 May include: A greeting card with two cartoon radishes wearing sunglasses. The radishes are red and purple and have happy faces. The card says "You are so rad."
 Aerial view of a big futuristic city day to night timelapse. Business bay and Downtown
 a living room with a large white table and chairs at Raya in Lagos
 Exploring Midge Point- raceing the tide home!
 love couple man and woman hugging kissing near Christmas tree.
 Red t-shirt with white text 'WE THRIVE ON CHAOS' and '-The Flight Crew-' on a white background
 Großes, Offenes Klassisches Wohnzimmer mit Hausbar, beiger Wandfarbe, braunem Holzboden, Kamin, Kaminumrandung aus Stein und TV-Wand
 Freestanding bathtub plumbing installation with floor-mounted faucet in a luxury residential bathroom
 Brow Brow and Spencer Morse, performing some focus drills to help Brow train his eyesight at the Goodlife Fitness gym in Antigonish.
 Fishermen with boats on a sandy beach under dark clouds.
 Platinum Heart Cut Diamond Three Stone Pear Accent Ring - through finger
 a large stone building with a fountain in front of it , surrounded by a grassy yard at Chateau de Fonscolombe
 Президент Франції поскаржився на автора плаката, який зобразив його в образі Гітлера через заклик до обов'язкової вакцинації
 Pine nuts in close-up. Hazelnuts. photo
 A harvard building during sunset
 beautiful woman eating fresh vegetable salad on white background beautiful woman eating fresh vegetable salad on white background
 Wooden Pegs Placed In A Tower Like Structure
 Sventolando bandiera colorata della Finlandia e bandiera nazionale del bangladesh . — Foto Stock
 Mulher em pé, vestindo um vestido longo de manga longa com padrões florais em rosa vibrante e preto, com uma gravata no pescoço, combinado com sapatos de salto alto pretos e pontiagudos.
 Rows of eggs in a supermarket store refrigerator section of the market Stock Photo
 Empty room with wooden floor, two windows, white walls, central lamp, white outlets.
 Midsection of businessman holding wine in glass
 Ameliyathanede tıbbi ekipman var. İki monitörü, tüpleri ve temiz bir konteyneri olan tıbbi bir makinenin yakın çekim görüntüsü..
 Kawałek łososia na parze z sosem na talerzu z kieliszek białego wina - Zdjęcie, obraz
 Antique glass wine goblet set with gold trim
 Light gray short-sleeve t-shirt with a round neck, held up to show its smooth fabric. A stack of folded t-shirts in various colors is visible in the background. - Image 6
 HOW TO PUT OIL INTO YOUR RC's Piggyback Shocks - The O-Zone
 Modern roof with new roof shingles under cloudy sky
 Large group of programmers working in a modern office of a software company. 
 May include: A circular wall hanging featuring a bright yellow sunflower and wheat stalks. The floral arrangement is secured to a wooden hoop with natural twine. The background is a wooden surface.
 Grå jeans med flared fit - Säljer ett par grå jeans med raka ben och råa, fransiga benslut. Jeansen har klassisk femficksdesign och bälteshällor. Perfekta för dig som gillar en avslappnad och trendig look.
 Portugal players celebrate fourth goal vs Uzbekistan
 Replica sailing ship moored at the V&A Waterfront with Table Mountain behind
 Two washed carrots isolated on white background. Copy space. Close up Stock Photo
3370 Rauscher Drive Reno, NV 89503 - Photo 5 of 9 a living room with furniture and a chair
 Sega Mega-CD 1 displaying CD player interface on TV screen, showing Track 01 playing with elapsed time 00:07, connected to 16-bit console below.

**Task objective**
Output only the lines from the top of the entries through the one holding "Fishermen with boats", copied exactly.

**Written answer**
 May include: A greeting card with two cartoon radishes wearing sunglasses. The radishes are red and purple and have happy faces. The card says "You are so rad."
 Aerial view of a big futuristic city day to night timelapse. Business bay and Downtown
 a living room with a large white table and chairs at Raya in Lagos
 Exploring Midge Point- raceing the tide home!
 love couple man and woman hugging kissing near Christmas tree.
 Red t-shirt with white text 'WE THRIVE ON CHAOS' and '-The Flight Crew-' on a white background
 Großes, Offenes Klassisches Wohnzimmer mit Hausbar, beiger Wandfarbe, braunem Holzboden, Kamin, Kaminumrandung aus Stein und TV-Wand
 Freestanding bathtub plumbing installation with floor-mounted faucet in a luxury residential bathroom
 Brow Brow and Spencer Morse, performing some focus drills to help Brow train his eyesight at the Goodlife Fitness gym in Antigonish.
 Fishermen with boats on a sandy beach under dark clouds.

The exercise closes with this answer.